The story follows Sage Fowler, a girl raised by her aunt and uncle in a world where women have very little choice about their lives and, more often than not, are worried about entering the perfect marriage. Or in a word, ‘matched’. Sage has no desire to be matched. After the death of her father and mother, her one true desire is freedom to live her life how she desires. Though when her uncle decides it is time she meet the Matchmaker and become matched herself, Sage ruins her chances at being matched. After this terrible first meeting with the acclaimed Matchmaker, Sage does get a second chance. The Matchmaker offers her a job as her apprentice and gives Sage a reason to do something else other than get married. However, her simple job of matchmaking quickly becomes a chance for her to put her attitude and smart mouth to use.

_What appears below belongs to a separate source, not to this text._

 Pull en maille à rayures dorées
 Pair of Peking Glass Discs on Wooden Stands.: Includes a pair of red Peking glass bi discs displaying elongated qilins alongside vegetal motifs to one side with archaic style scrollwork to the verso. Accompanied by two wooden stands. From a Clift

At first, I really liked this story. I enjoyed Sage and her backstory, how she loved to teach others and just wanted to make her own decisions. Nevertheless, as time went on The Traitor’s Kiss became a slow, daunting task. The story is told through multiple perspectives, something I normally enjoy, and I think I would have enjoyed it more if there were a different narrator. Each character sounded like the next and I just did not feel there were enough variations in the voices considering the large cast of characters. This is very noticeable when it came to the men, good guys and bad guys, people pretending to be other people. Without giving too much of the twist away, it threw me for a loop and became confusing as heck when the true nature of the leading male is revealed.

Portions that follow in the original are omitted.